* [TASK] Starting at the line with "Mendikbud, Nadiem Anwar" and stopping at the final line, retype the data below exactly; do not carry over any pictures.

(LISTED ENTRIES Opens)

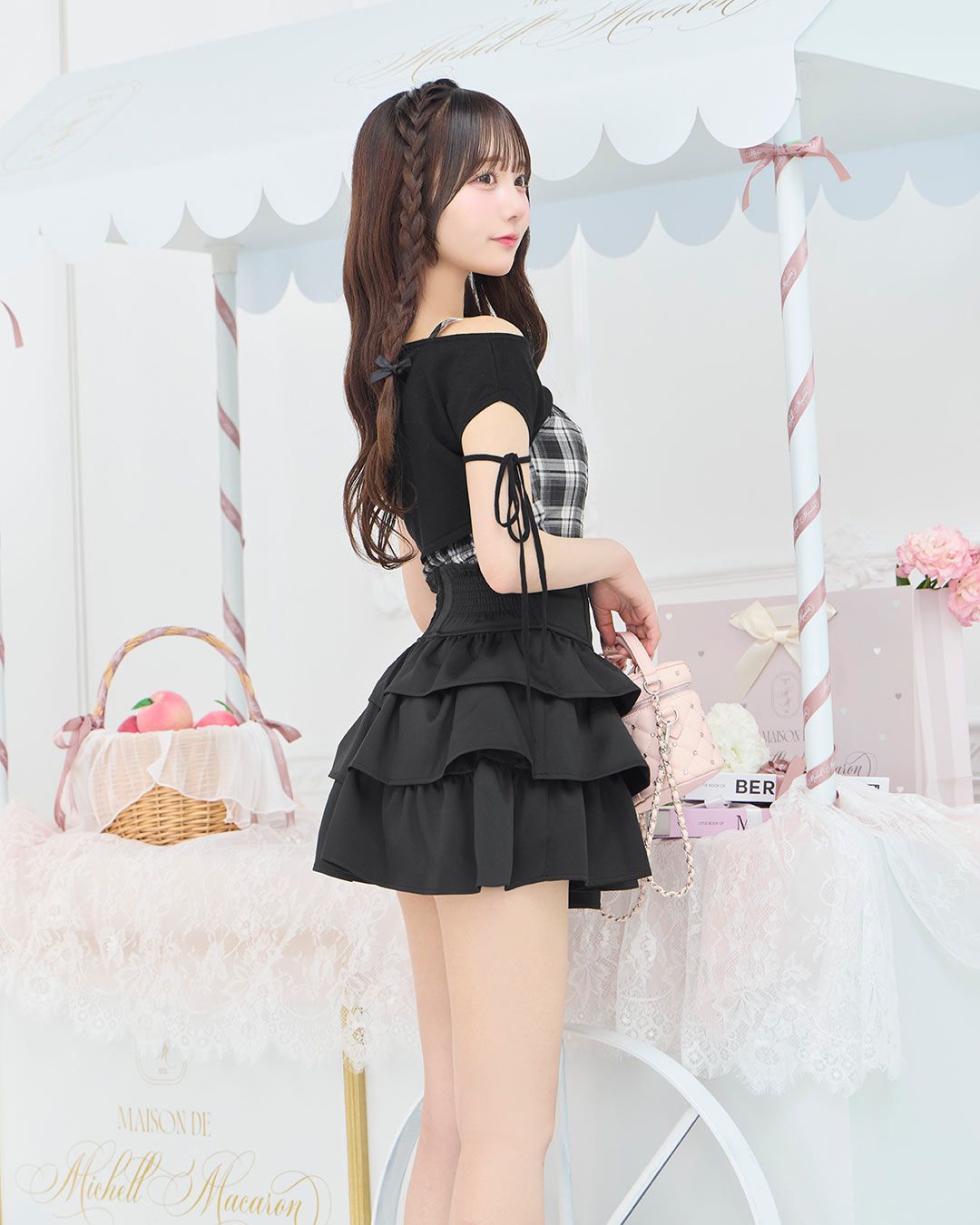 フリル美脚スカート ブラック | ファッション通販＆メディアMyColor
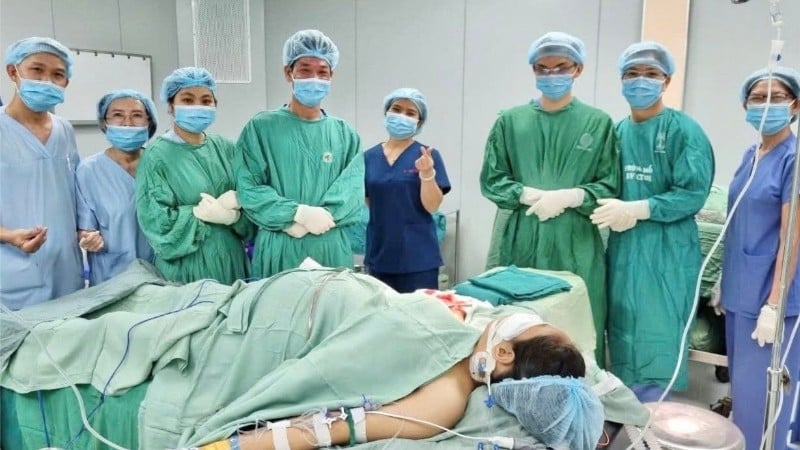 Zespół medyczny Szpitala Ogólnego w Binh Duong przeprowadził zabieg mikrochirurgiczny z zastosowaniem wysokiej technologii.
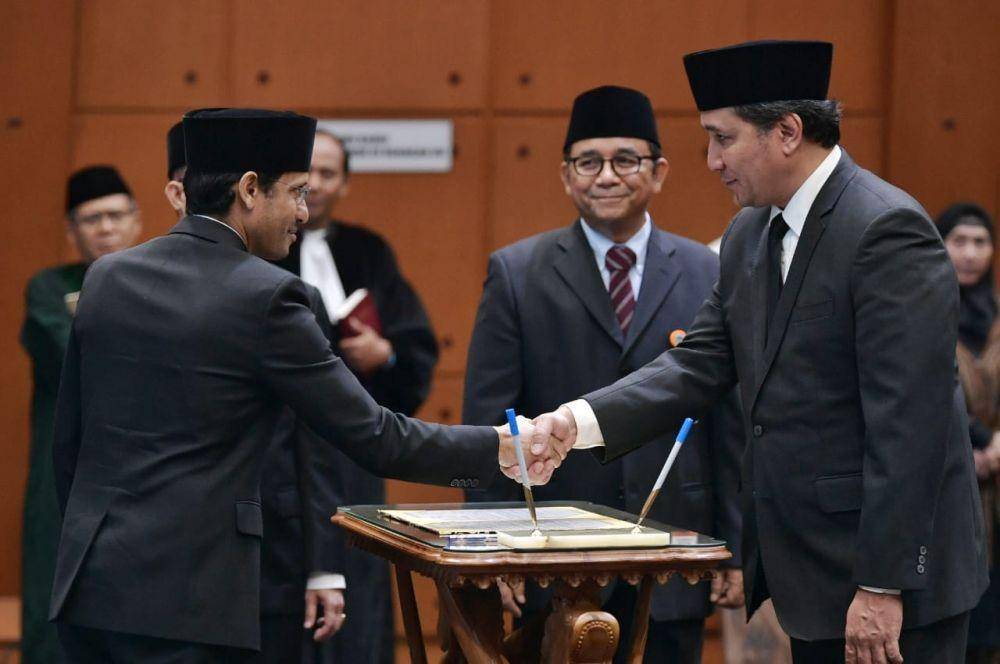 Mendikbud, Nadiem Anwar Makarim lantik empat Pejabat Tinggi Madya di lingkungan Kemendikbud (Dok.Biro Komunikasi dan Layanan Masyarakat (BKLM) Kementerian Pendidikan dan Kebudayaan)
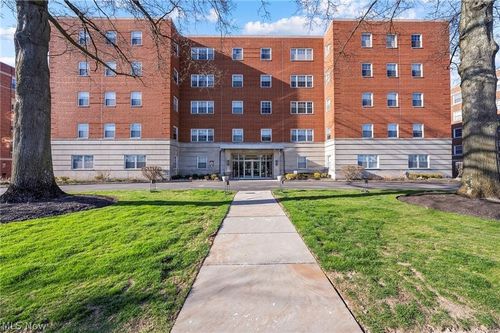 apt-201-18975 Van Aken Blvd, Shaker Heights, OH, 44122-3538 | Card Image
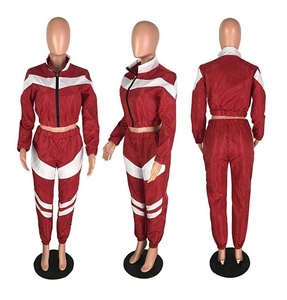 Survêtement réfléchissant de haute qualité pour femmes, ensemble de 2 pièces ample avec fermeture éclair, survêtement de travail en poly streetwear, vêtements de pluie - Product Image 2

(LISTED ENTRIES Closes)

* [WRITTEN RESPONSE]
 Mendikbud, Nadiem Anwar Makarim lantik empat Pejabat Tinggi Madya di lingkungan Kemendikbud (Dok.Biro Komunikasi dan Layanan Masyarakat (BKLM) Kementerian Pendidikan dan Kebudayaan)
 apt-201-18975 Van Aken Blvd, Shaker Heights, OH, 44122-3538 | Card Image
 Survêtement réfléchissant de haute qualité pour femmes, ensemble de 2 pièces ample avec fermeture éclair, survêtement de travail en poly streetwear, vêtements de pluie - Product Image 2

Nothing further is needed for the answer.